Goal of the exercise: The answer should consist of the full listing below, repeated exactly and free of pictures.

Information provided:

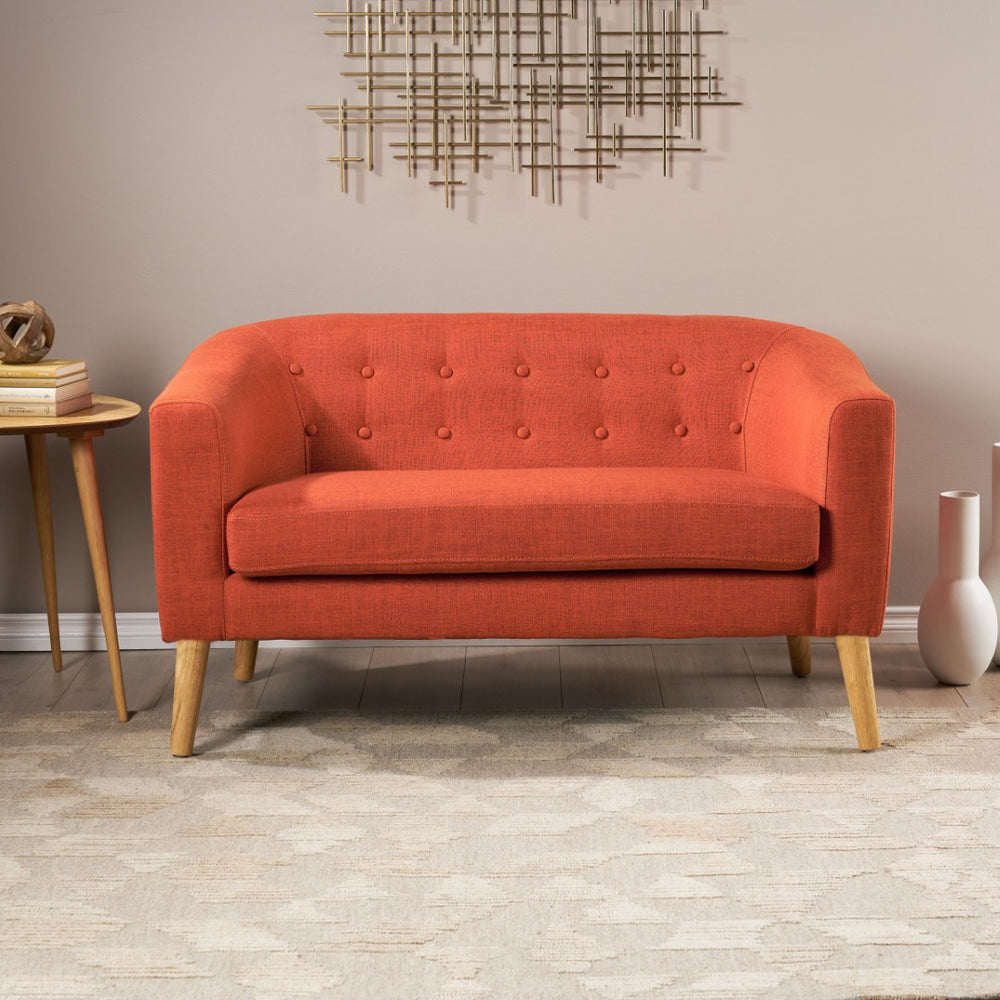 English Elm Mid-century Modern Loveseat Button-tufted Linen Fabric Sofa for Compact Living Spaces N771P407433C
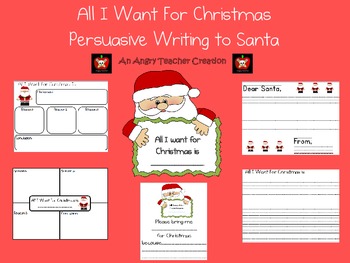 Preview of All I Want For Christmas- Santa Persuasive Writing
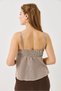 Brown Linen Look Stretchy Fabric Strappy Plaid Blouse with Big Bow Detail - 5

Exercise solution:
 English Elm Mid-century Modern Loveseat Button-tufted Linen Fabric Sofa for Compact Living Spaces N771P407433C
 Preview of All I Want For Christmas- Santa Persuasive Writing
 Brown Linen Look Stretchy Fabric Strappy Plaid Blouse with Big Bow Detail - 5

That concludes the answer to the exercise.